You also got E-40 on “2 Much.” What does that mean for the Bay?

That’s a milestone for every artist who does music out here. When you get a song with E-40, okay boom. I’m actually making noise if E-40 is recognizing me and has something to say to me, because he’s a legend and how much respect everyone holds towards him. Shout out Lil Bean from out here, he said “somebody tell my pops, I got a song with 40.” He has a song with E-40 as well. I relate to that line. As soon as I got a song with 40, I told my dad, “now I have a song with E-40!”

What did your pops say?

He was shocked and hella happy because he fucks with E-40. He fucks with everything E-40 does. That’s like my kid coming to saying, “yo wait, I have a song with G-Eazy.” Damn n*gga, you got a song with G-Eazy? When it gets to that and these n*ggas get old enough to have full-blown families.

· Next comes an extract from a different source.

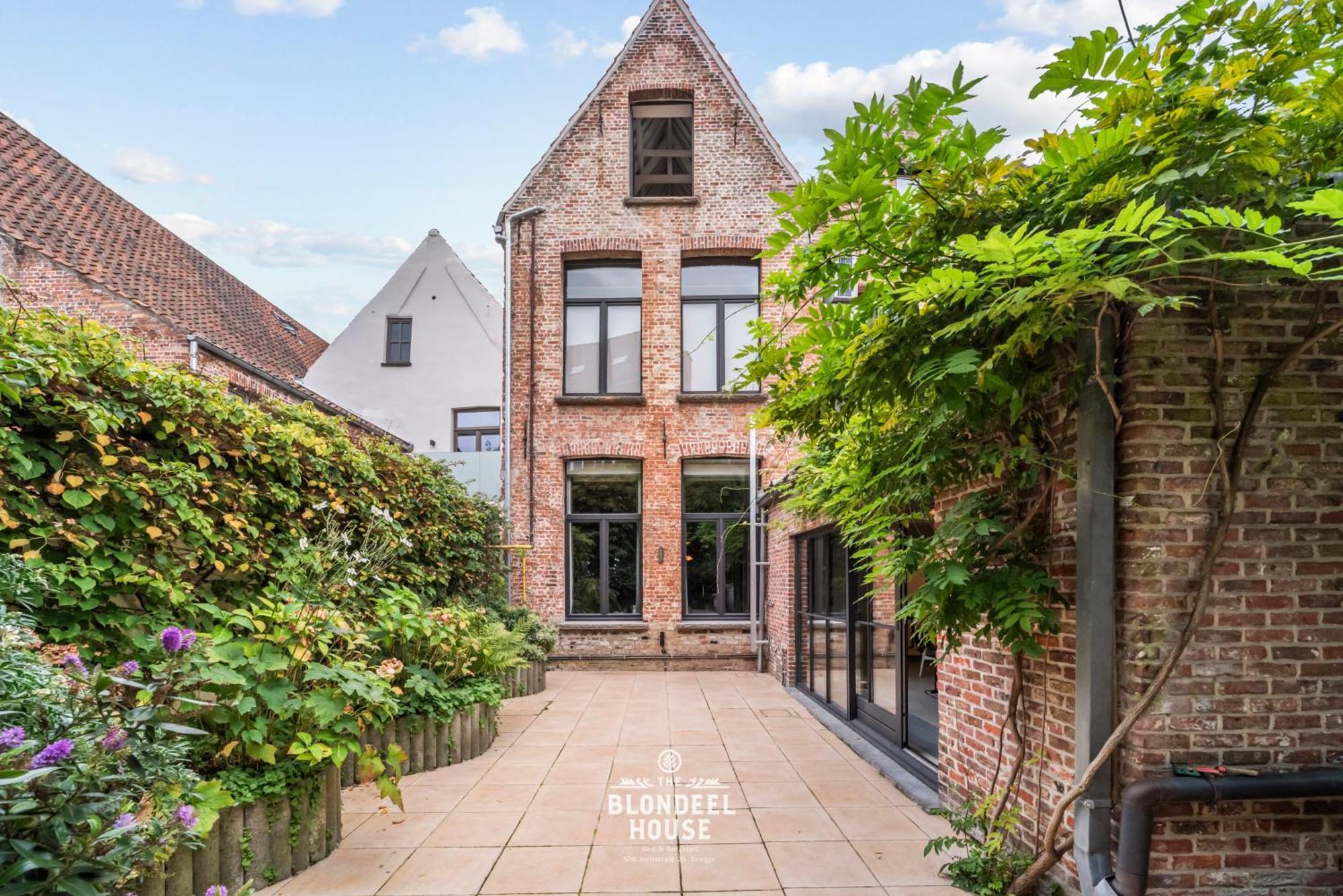 Bed & Breakfast The Blondeel House Brugge Center Kültér fotó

Was that record done in the studio?

Nah, I wasn’t actually there when he did his verse. I’ve been to his house on different occasions to work on different things with him, he’s hella cool. He’s hella big on being your own boss and not working for anybody. I’m big on being my own boss because my family owns a lot of businesses. That’s how I was brought up. My granddad owns a barbecue spot, my dad owns a landscaping company, my mom owns a real estate company that she’s the head of. My sister has a hair salon. I grew up with everyone putting it in my brain: “be your own boss, don’t work for nobody.” When 40 adds on to that, it shows me I was growing up the right way.

How was shooting the “Stories” visual and adapting to quarantine?

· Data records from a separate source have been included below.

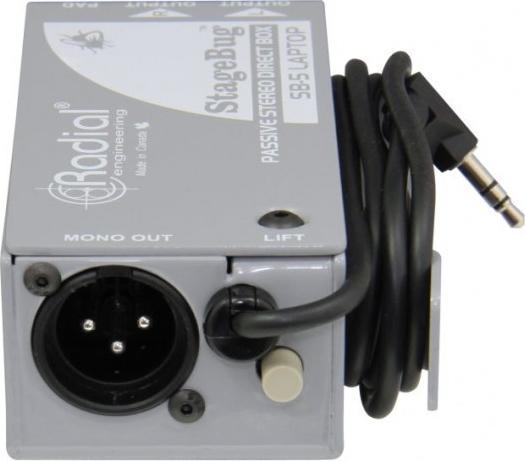 Produktbild Radial SB-5 Laptop (DI Box)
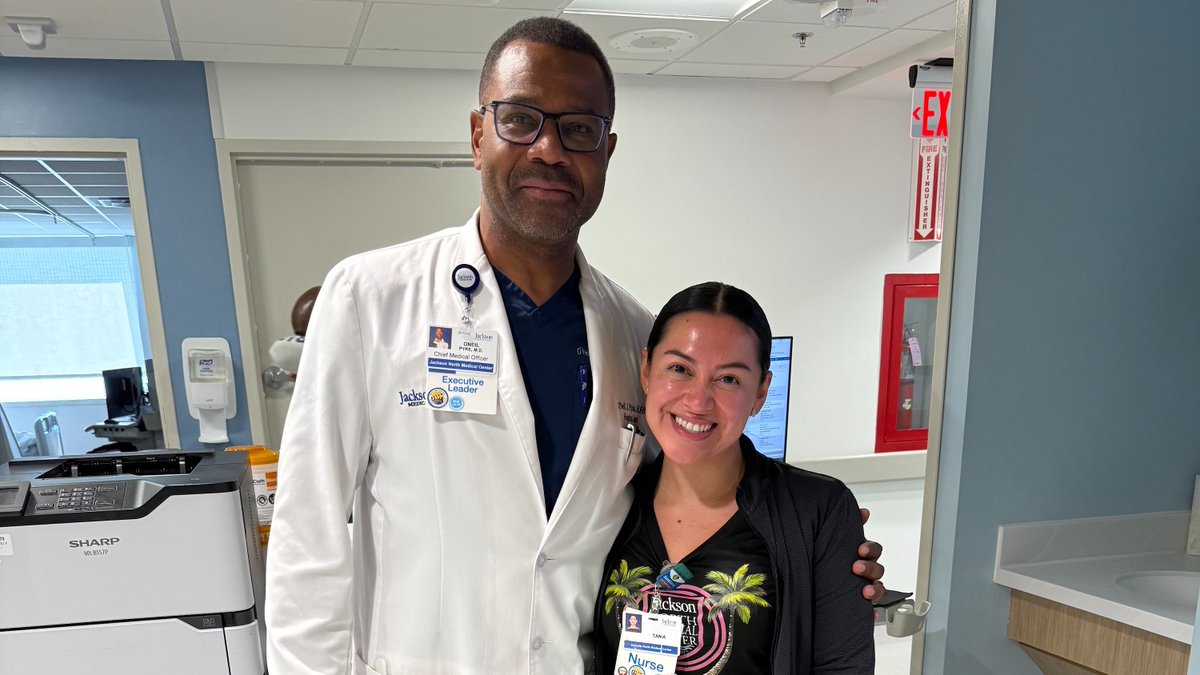 Jackson Health System tweet media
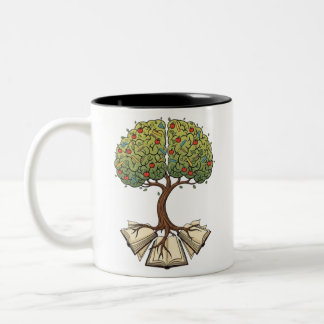 Arbre de la Mug de l'enseignant du savoir | Un cad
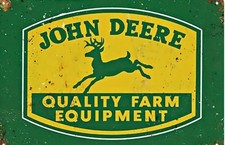 John deere metal for sale  Argos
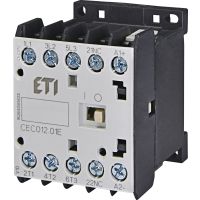 Varikliniai minikontaktoriai 5,5kW CEC012.01 230V-50/60HZ - ETI (pavadinimas tikslinamas)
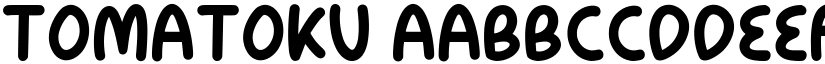 Tomatoku font download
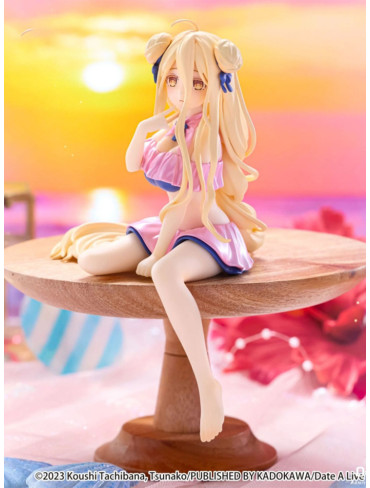 Фігурка FuRyu Date A Live V - Hoshimiya Mukuro - Noodle Stopper Figure - Mizugi, Pastel Pink ver.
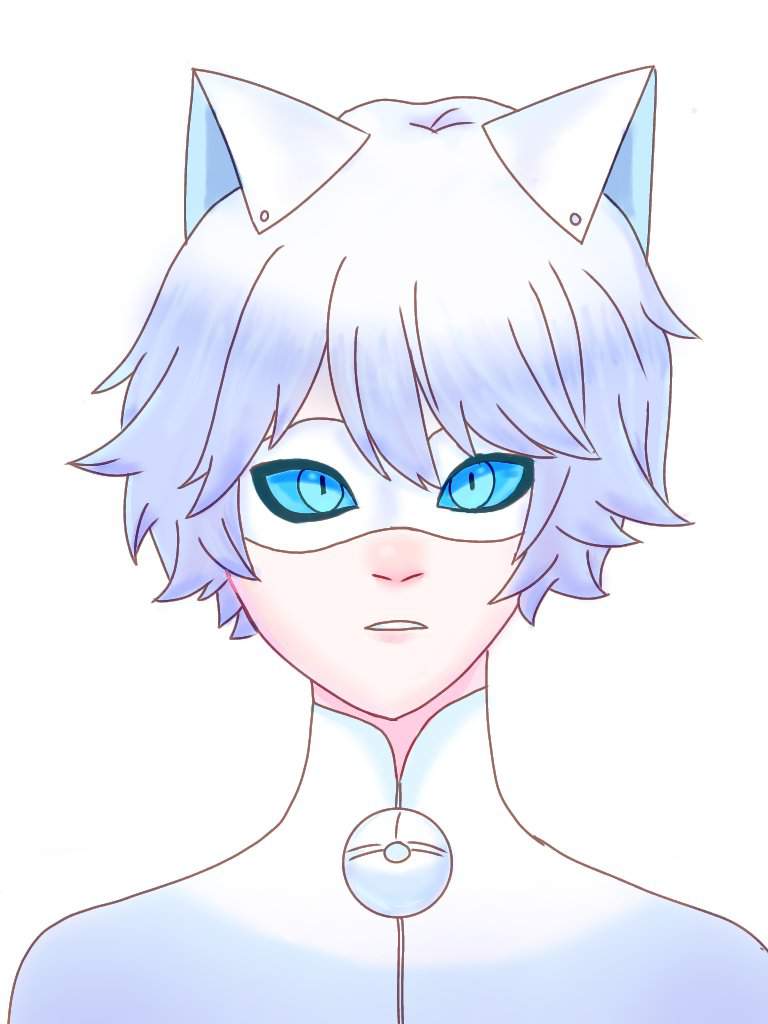 Chat Blanc Miraculous Amino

Adrian and I were supposed to shoot a whole different video to “Stories,” we had it planned out. I was supposed to go to LA, everything was planned out. We had to figure out another way to go about it. They’re trying to tell me to do a cartoon video, but I didn’t want to do a cartoon video. I already did one and I wanted to be more creative. I wanted to shoot something related to what’s going on in the pandemic. I talked to Adrian about it, he came down from LA. Shot my part, shot his part, sent it to me. It was crazy dope how it all came together, I liked it.

Talk about linking with Eric. 

He’s a dope ass person to know. He’s very encouraging. He showed me a lot. That’s a big artist I look up to, I learned a lot of writing from him. For him to get on one of my records was really crazy. To hear him being so cohesive with my voice was very dope. He’s a dope artist to collaborate with all around. Genuine person, one of my idols. It’s amazing to finally get to work with him after these years. I sent him a lot of records, he told me before “it has to be that perfect one.” When he heard this one, he felt that. I’m glad he honestly feels it, that way he wants to contribute to it.

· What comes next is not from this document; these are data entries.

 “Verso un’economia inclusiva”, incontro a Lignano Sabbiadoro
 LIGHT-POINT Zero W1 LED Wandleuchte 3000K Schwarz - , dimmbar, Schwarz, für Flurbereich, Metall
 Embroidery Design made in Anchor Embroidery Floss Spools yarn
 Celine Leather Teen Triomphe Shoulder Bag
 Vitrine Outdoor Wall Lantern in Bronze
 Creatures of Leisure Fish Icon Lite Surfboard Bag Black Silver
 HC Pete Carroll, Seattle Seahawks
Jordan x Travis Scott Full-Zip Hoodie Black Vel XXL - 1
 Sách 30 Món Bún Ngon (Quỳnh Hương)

I seen you post you’re the new King of R&B. That’s a statement! Who do you think holds that trophy?

I got a lot of bones to pick with people when they claim something. You can’t be the King of R&B when you have other people writing for you. I look at that seriously. That’s saying you’re the best basketball player, but you aren’t really out there making any moves. The team is doing it for you. You’re not scoring, your team’s scoring, but you’re saying you’re the best basketball player. You can’t claim that you’re the best basketball player if you’re on the best team, that’s because you’re on the best team.